On the Rocks – The Woodstock Times

Dec. 2, 1999

Updated by Robert and Johanna Titus

 

Some years ago, Robert attended the national meeting of the Geological Society of America and was surprised to see an agenda with three papers that were devoted to the Hudson River School of Art. Getting papers accepted at the national meeting is a very competitive process so he was surprised that the meeting’s organizers would devote so much time to art. What did not surprise him was that it was this particular sort of art. But we bet that this is a bit of a surprise in an artistic community such as Woodstock so let us try to explain.

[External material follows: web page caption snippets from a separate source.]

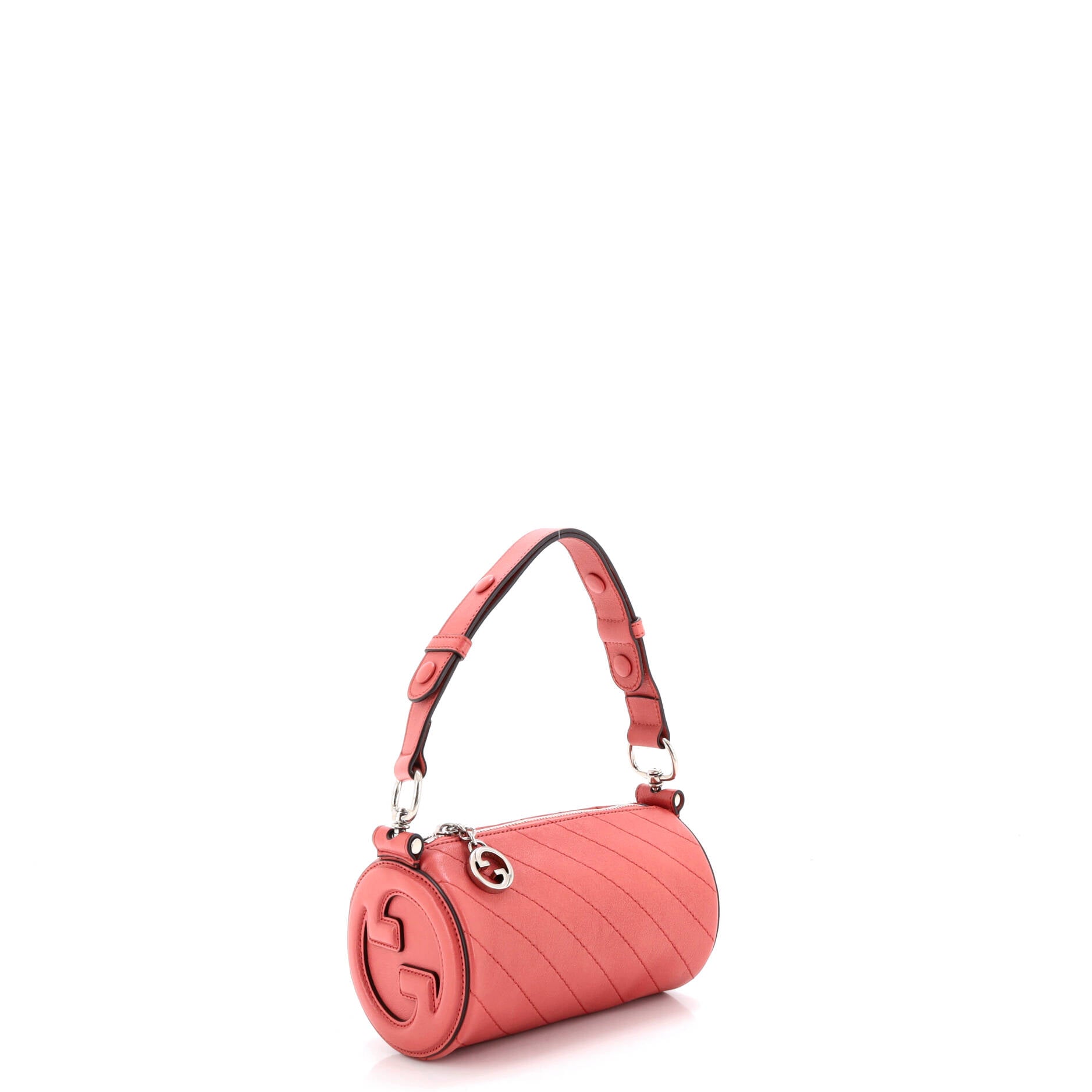 Blondie Shoulder Bag Diagonal Quilted Leather Mini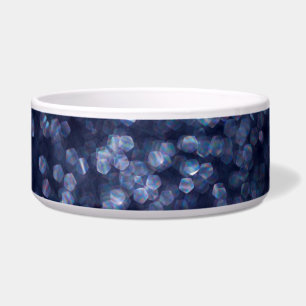 Blue Sparkle Bokeh Lights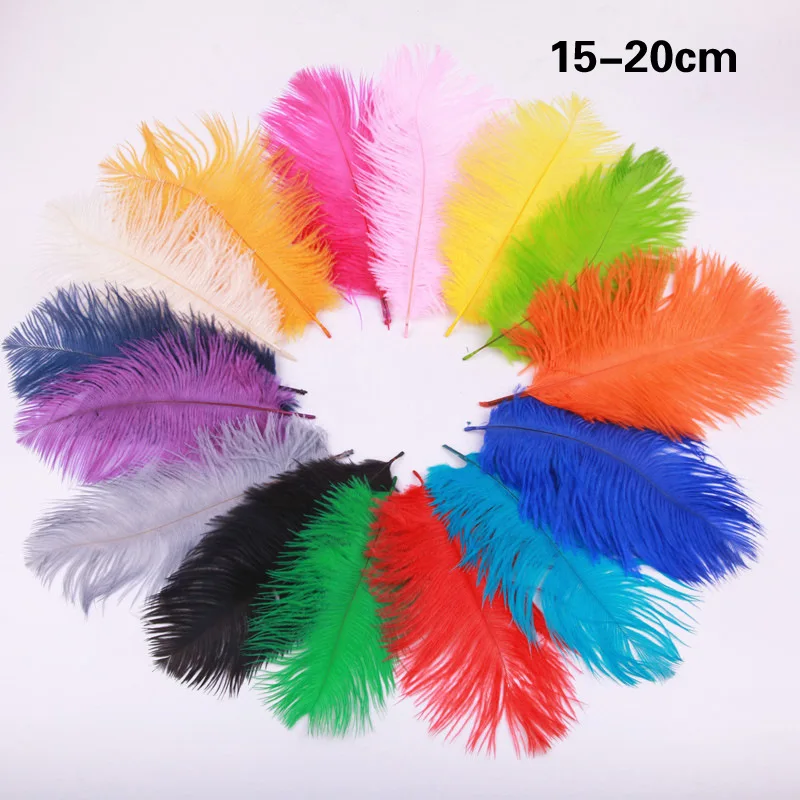 

15-20CM Ostrich hair imported from South Africa wedding decoration stage performance feather DIY accessories wedding decoration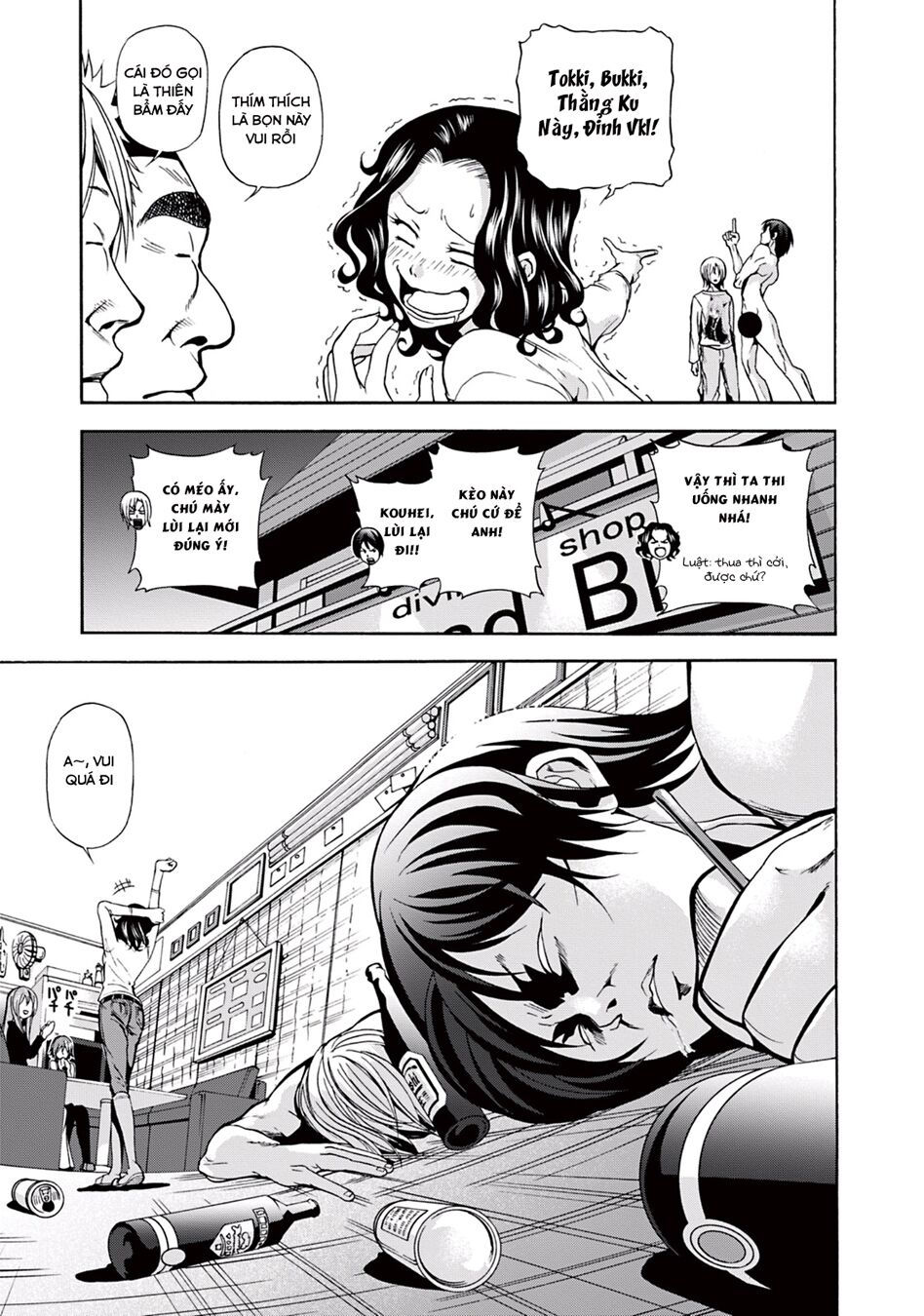 cô gái thích lặn - grand blue chapter 6 33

Thomas Cole, one of the founders of the Hudson Valley School, got his start here in the Catskills. It was 1825 and he was probably the first painter to get up to the newly opened Catskill Mountain House Hotel. Before him, up there, lay nearly all of the Hudson Valley and behind him were all of the Catskills. It was the Catskill landscape that attracted him the most. This great landscape was still largely wilderness and the young artist would be the first to explore its scenic opportunities.

Our mountains would bring Cole quick success, but he did have one problem: back then the great traditions of landscape art came from Europe, and it was the custom of European artists to use the ruins of Classical cultures as emblems of antiquity. They liked to stick in the remnants of a Roman temple or two in order to communicate that their landscapes were truly old. Obviously, Cole could not do this, after all very few Romans ever got to North America during Classical times.

Then again, and this is where we geologists come in, Cole was working at a time when geologists were revolutionizing the very concept of time itself. In 18th or early 19th Century Europe, a Classical ruin was seen as dating back to near the beginning of time, especially if you accepted a biblical age of 6,000 years for the age of the Earth. But by the 1820’s geologists had come to understand that the Earth was probably many millions of years old and, indeed, very likely much more than that (billions, in fact). A two-thousand-year-old ruin didn’t look very old given the new framework of time!

Without ancient monuments, Cole struggled to find native emblems of antiquity. He tried the figure of an Indian in his famous painting of Kaaterskill Falls, and that sort of worked. Cole used the tangled chaos of the American wilderness as another approach. Our wilds had a venerable, tangled and mossy look to them when compared to the tamed, park-like landscapes of Europe. But it wasn’t until the 1830’s that Cole found another solution: the very rocks themselves.

It’s in his “Course of Empire” that we find Cole using this solution. Course of Empire is his famous series of five landscapes each showing a stage in the history of a mythological Classical empire. The first painting showed that culture’s roots in a primitive tribal culture. Later (second painting), it passed into a stone-monolith- building second stage, and from there blossomed into a Rome-like empire (third painting). Sadly, Cole’s Empire disintegrated in war (fourth painting) and fell into ruin in the last scene. Throughout the five canvases a great somber mountaintop of rock loomed above the community. And throughout the long history that mountaintop never changed one bit, it was permanent while all below eventually disintegrated. In this way Cole turned the tables on European painters: Classical cultures were recent and ephemeral while the rocks beneath were the true emblems of time.

That was a pretty heady theme in the 1830’s and 40’s, when Cole was most active. And that same heady theme was central to the geological community of the very same age. We geologists were looking at rocks exactly the same way as Cole and his colleagues; for a moment of time Art and Geology explored the same literal and intellectual landscapes.

Art is ever-changing, and of course, it has moved on. But the notion of great antiquity remains fundamental to geology and geologists integrate it into all of our thinking. Thus, it really is no surprise at all that we geologists still venerate the great Hudson Valley School of Art. Those paintings speak to us in a very personal way.